You know, the problem with filmmaking is the filming. Writing is a comparatively straightforward task: in my case at least, I can just bash out a few words, post it online, and anyone can read what I have to say. Its probably why I have kept my blog going for so long. Making a film, on the other hand, is far more complex: cameras need to be set up and actors organised; even the act of using a film camera requires a dexterity which I physically do not have. This is probably why, despite calling myself a filmmaker, I have made so few films.
The thing is, this is now becoming increasingly frustrating. Film, especially short online film, is becoming ever more popular. As a means of communication, films on the web have become almost a default. As I began to explore a few months ago in this entry, where fifteen years ago blogs and blogging were at the cutting edge, these days so-called influencers just talk into their camera phones and upload their ramblings to YouTube. Whatever they say is delivered far more directly than any piece of writing.
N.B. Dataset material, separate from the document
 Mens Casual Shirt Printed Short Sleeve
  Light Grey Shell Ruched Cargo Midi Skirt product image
The thing is, where does that leave guys like me? I long to make films, but making films is not just a matter of sitting down and bashing a few words out. Yet I know film can be used to say things often far more effectively and convincingly than writing. This afternoon, for example, I had an idea for a piece which, presented through film, would probably be quite compelling and revelatory; but if confined to writing might well just come across as gossip, mud-slinging or worse. What, then, should I do with this idea? I could obviously write it out as a script in the hope that It could one day be made into a film; but as always happens, that would ultimately mean it gets saved on my computer and read by no one.
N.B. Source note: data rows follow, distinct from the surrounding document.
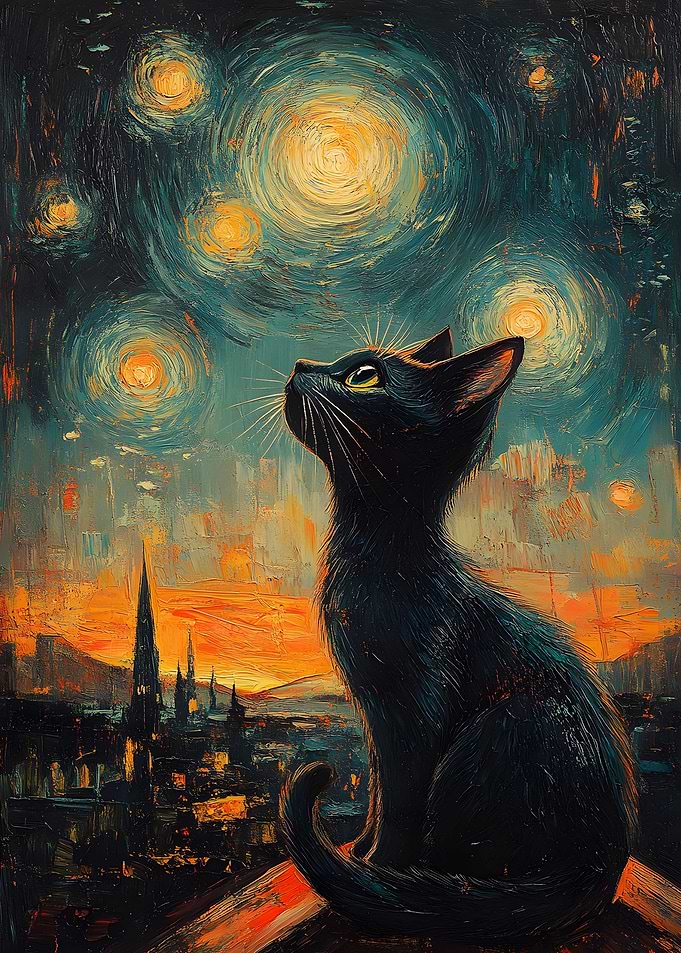 Cat Starry Night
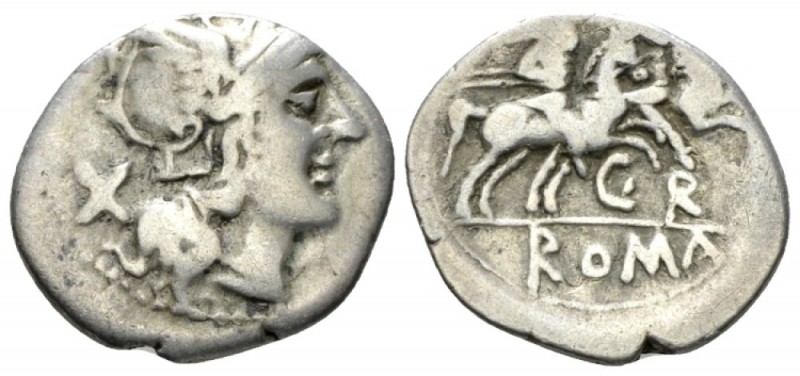 GR series. Denarius uncertain mint circa 199-170, AR 19.5mm., 3.66g. Helmeted he...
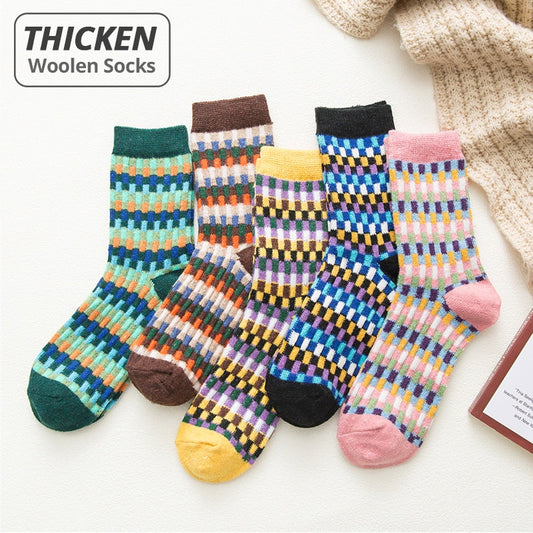 HSS Brand Hot Sale Women Thick Socks Warm Cotton And Woolen Socks Comfortable Soft Yellow Pink Striped Winter Sock For Lady Girl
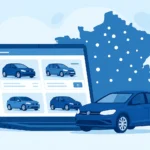 Illustration du site Leparking montrant un ordinateur avec des annonces de voitures et une carte de la France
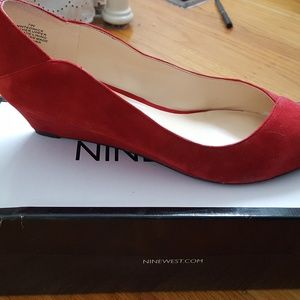 Nine West Edwick Wedge Pump Red Suede Heels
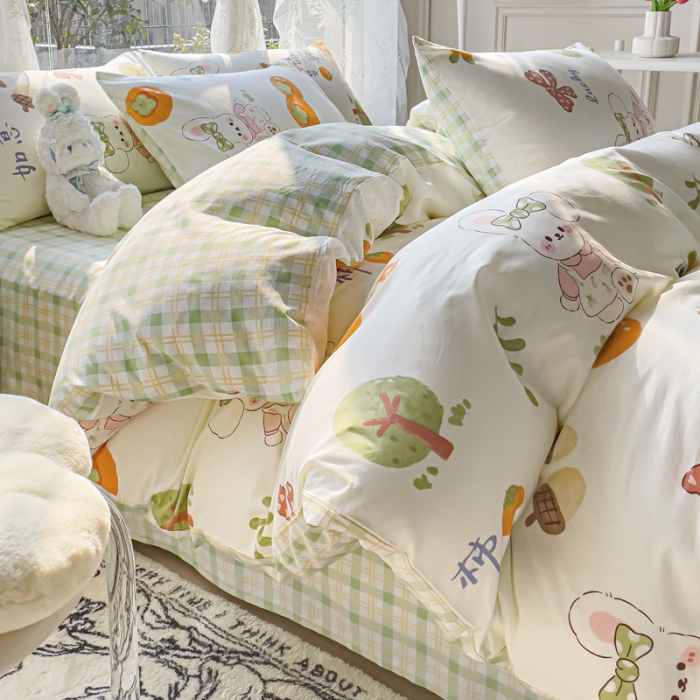 91家纺网 家纺一手货源 找家纺 （总）慕尚 2025新款全棉13372小清新印花四件套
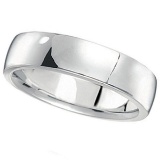 platinum Wedding Ring Low Dome Comfort Fit 5 mm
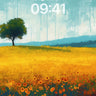 Golden Hush Wallpaper with Solitary Tree wallpaper for iPhone, iPad & Mac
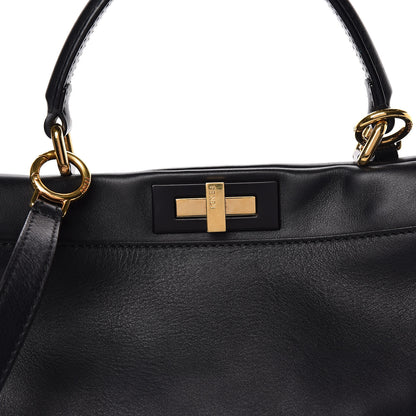 Fendi Vitello Seta Shiny Nappa Medium Peekaboo Iconic Satchel Black 11 of 14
I thus find myself longing for some way to make film: some means of manipulating pictures, shots and sound into a coherent argument or narrative using only my computer. I fear animation would be too cumbersome and appear too frivolous for what I want to make. Yet these days there must surely be some solution to this problem; otherwise, as online communication moves more and more in the direction of the moving image, those of us who still need to use the written word risk being left behind.